Extracted data
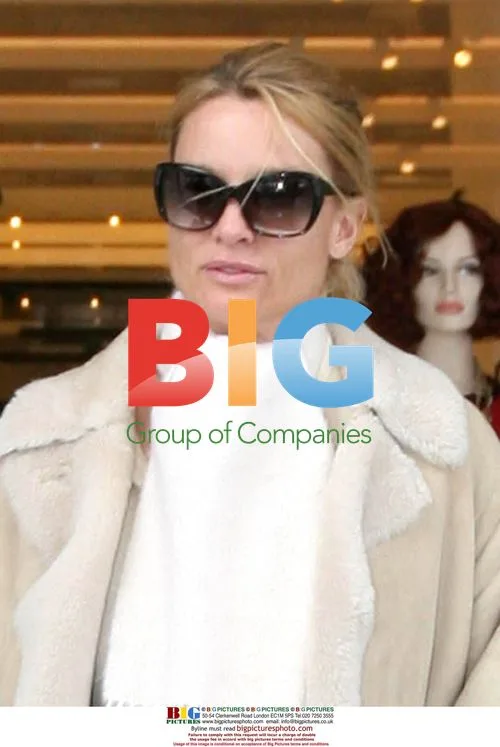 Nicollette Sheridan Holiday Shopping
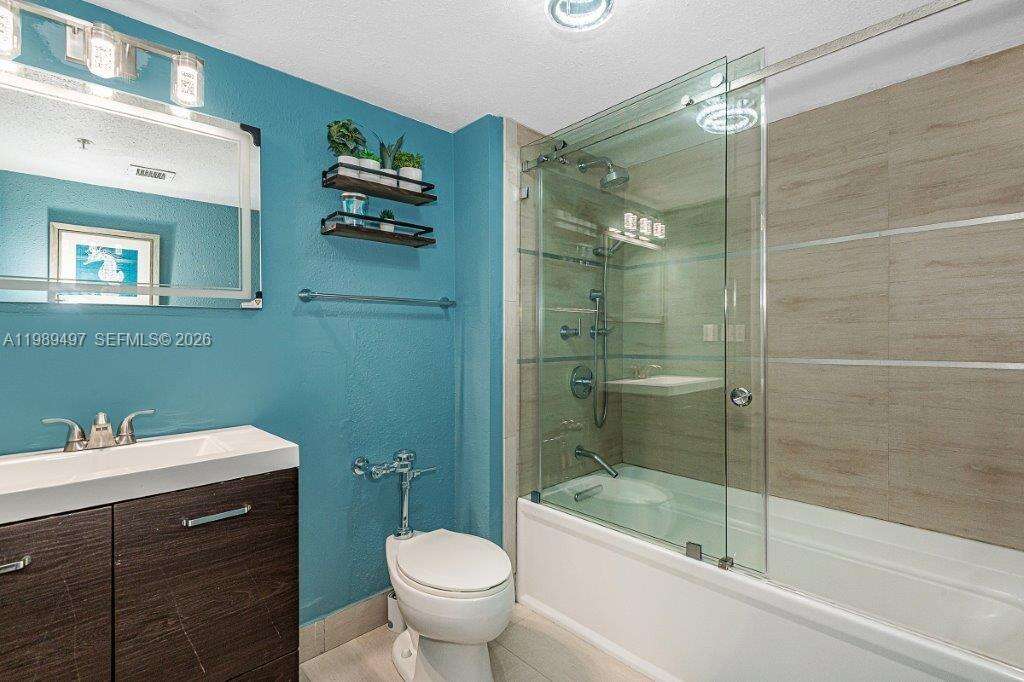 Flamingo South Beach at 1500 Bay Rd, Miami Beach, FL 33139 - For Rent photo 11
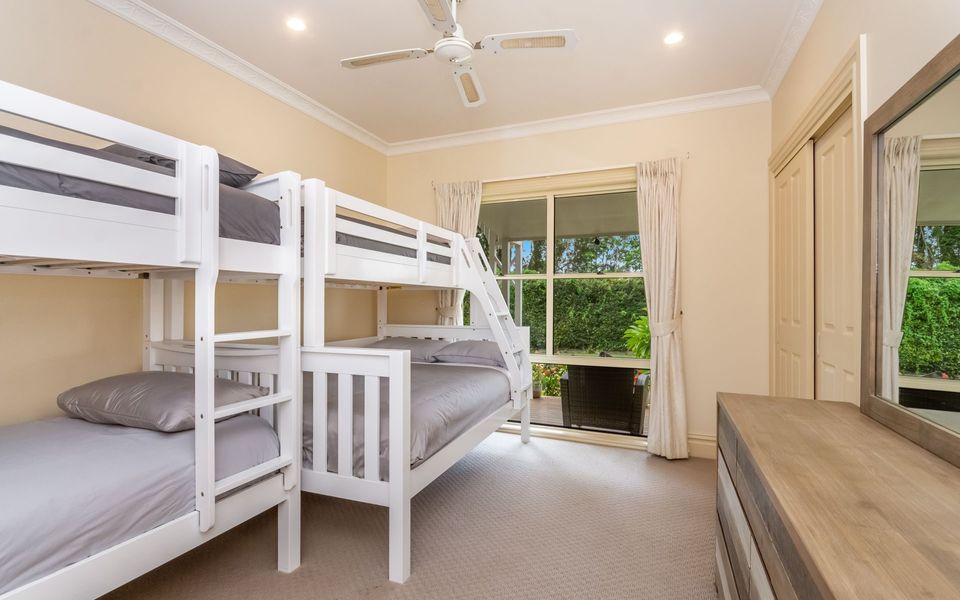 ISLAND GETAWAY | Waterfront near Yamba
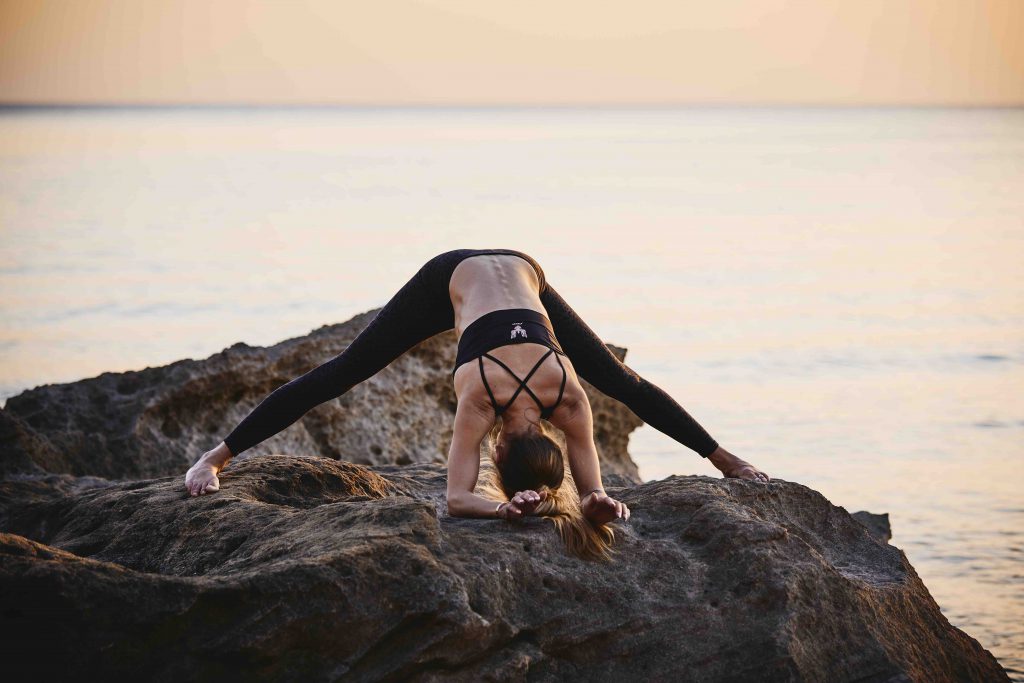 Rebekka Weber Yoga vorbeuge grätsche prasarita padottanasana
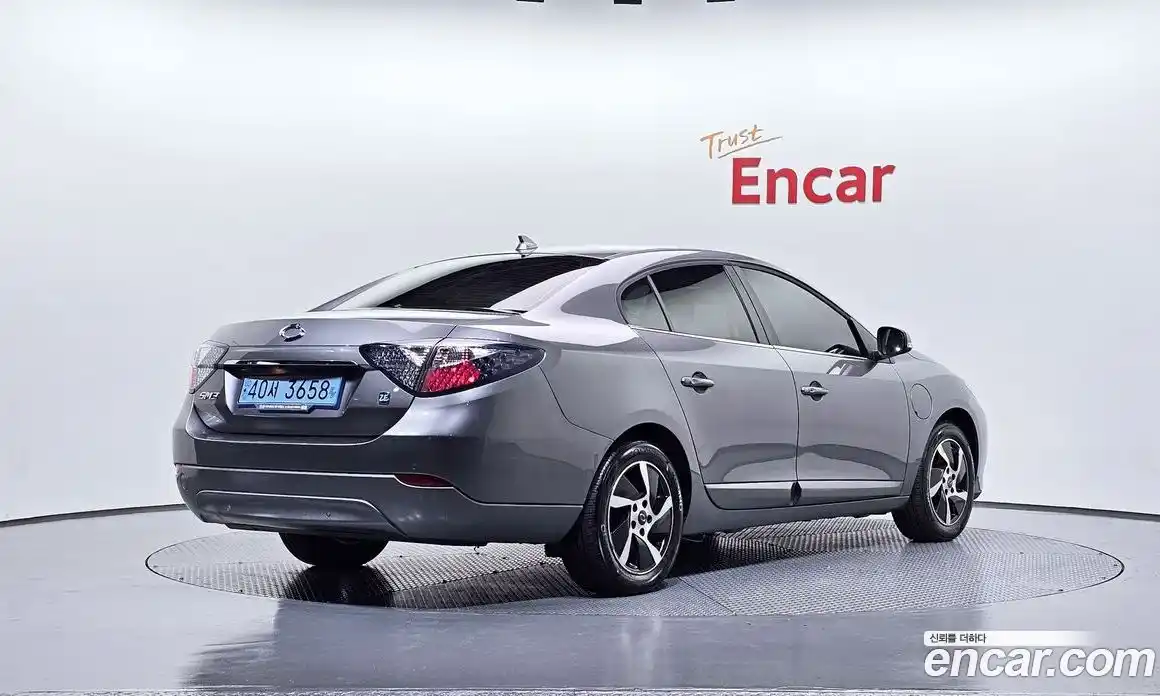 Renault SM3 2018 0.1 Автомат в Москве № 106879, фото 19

What you are asked to do
The answer is the full listing above, repeated exactly, with its pictures removed.

Problem solution
 Nicollette Sheridan Holiday Shopping
 Flamingo South Beach at 1500 Bay Rd, Miami Beach, FL 33139 - For Rent photo 11
 ISLAND GETAWAY | Waterfront near Yamba
 Rebekka Weber Yoga vorbeuge grätsche prasarita padottanasana
 Renault SM3 2018 0.1 Автомат в Москве № 106879, фото 19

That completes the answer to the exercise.